As these appeals turn on the implications of a district court's administrative closure, we begin with a few words on the practice. Administrative closures are a tool of docket management. CitiFinancial Corp. v. Harrison, 453 F.3d 245, 250 (5th Cir. 2006) ("[A]dministratively closing a case is merely a case-management tool used by district court judges to obtain an accurate count of active cases."). Existing outside the Federal Rules of Civil Procedure, administrative closures primarily serve as a method "to shelve pending, but dormant, cases." Lehman v. Revolution Portfolio L.L.C., 166 F.3d 389, 392 (1st Cir. 1999). In effect, they amount to an "essentially ad hoc[ ] way in which courts remove cases from their active files without making any final adjudication." Penn W. Assocs., Inc. v. Cohen, 371 F.3d 118, 127 (3d Cir. 2004) (quoting Lehman, 166 F.3d at 392). The closing "has no effect other than to remove a case from the [district] court's active docket and permit the transfer of records associated with the case to an appropriate storage repository." Lehman, 166 F.3d at 392. Needless to say, an administrative closure is not tantamount to a formal dismissal of a case. Freeman v. Pittsburgh Glass Works, LLC, 709 F.3d 240, 246 (3d Cir. 2013) ("Federal courts have long distinguished dismissals from administrative closings.").
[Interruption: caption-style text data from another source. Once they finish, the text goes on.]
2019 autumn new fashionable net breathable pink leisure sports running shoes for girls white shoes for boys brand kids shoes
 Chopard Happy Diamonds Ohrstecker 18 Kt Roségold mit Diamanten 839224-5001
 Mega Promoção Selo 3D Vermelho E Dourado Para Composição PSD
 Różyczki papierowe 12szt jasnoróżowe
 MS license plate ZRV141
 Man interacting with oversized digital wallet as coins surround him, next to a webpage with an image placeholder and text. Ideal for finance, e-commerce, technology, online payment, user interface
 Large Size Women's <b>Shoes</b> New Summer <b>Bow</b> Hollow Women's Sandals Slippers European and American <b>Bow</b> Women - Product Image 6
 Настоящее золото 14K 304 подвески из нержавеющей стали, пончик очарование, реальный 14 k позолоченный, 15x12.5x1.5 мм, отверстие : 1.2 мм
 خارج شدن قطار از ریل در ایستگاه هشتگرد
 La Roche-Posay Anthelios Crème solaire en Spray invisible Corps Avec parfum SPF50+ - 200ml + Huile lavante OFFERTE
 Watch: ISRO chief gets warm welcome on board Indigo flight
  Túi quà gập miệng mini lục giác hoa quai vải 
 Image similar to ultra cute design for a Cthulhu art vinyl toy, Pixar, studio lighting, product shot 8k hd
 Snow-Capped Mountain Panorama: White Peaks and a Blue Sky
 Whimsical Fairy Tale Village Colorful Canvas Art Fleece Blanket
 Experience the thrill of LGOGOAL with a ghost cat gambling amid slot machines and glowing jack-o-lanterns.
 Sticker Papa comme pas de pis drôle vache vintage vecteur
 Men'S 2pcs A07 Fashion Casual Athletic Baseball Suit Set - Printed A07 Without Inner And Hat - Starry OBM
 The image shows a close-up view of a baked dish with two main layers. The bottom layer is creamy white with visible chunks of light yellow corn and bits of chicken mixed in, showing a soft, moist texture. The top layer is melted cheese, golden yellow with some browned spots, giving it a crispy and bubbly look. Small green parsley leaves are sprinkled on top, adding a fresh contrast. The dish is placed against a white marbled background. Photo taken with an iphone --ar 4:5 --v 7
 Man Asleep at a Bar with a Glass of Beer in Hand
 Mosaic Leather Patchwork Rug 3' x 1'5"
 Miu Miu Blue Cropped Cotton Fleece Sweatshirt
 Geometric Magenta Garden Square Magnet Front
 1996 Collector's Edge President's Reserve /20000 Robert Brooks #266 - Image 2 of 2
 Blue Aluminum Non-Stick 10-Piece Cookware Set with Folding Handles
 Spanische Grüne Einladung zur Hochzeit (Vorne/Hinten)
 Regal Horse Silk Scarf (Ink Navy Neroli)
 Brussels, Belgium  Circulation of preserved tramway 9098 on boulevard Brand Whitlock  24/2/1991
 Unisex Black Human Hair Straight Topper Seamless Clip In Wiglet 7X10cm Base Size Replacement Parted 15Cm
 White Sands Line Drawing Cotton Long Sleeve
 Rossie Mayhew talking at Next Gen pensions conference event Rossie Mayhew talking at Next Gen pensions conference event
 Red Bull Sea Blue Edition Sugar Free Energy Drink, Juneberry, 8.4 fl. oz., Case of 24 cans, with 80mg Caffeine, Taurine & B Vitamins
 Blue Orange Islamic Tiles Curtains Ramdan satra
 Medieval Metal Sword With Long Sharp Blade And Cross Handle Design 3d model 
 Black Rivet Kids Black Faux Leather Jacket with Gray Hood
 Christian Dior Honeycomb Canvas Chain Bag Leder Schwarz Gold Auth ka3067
With this understanding in mind, we turn to threshold jurisdictional matters. While there are three distinct appeals, all parties seem to contemplate the issues raised by the first and second appeal, both arising from the first case, to be synonymous, so we will treat them accordingly. Hirshberg's motion to dismiss challenged the timeliness of Rodriguez's notice of appeal. We denied the motion. But Hirshberg did not ask us to consider whether the district court's order denying the motion to reopen amounted to a final, appealable order for purposes of 28 U.S.C. § 1291. See 28 U.S.C. § 1291 (explaining that the "courts of appeals . . . shall have jurisdiction of appeals from all final decisions of the district courts"). That question also merits answering.
Generally speaking, § 1291 does not create appellate jurisdiction over a decision to administratively close a case in and of itself. See Feltner v. Lamar Advert. of Tenn., Inc., 200 F. App'x 419, 422 (6th Cir. 2006) ("The decision to administratively close the case was simply not a final judgment entered against Plaintiff."). The closure order is better characterized as clerical, meaning it lacks the finality necessary to be an appealable order. See Penn-Am. Ins. Co. v. Mapp, 521 F.3d 290, 294-96 (4th Cir. 2008) (collecting cases for the proposition that an "administrative closing" order "does not independently satisfy the finality mandate of § 1291"). For that reason, the November 2018 decision administratively closing the case would not be an appealable, final order.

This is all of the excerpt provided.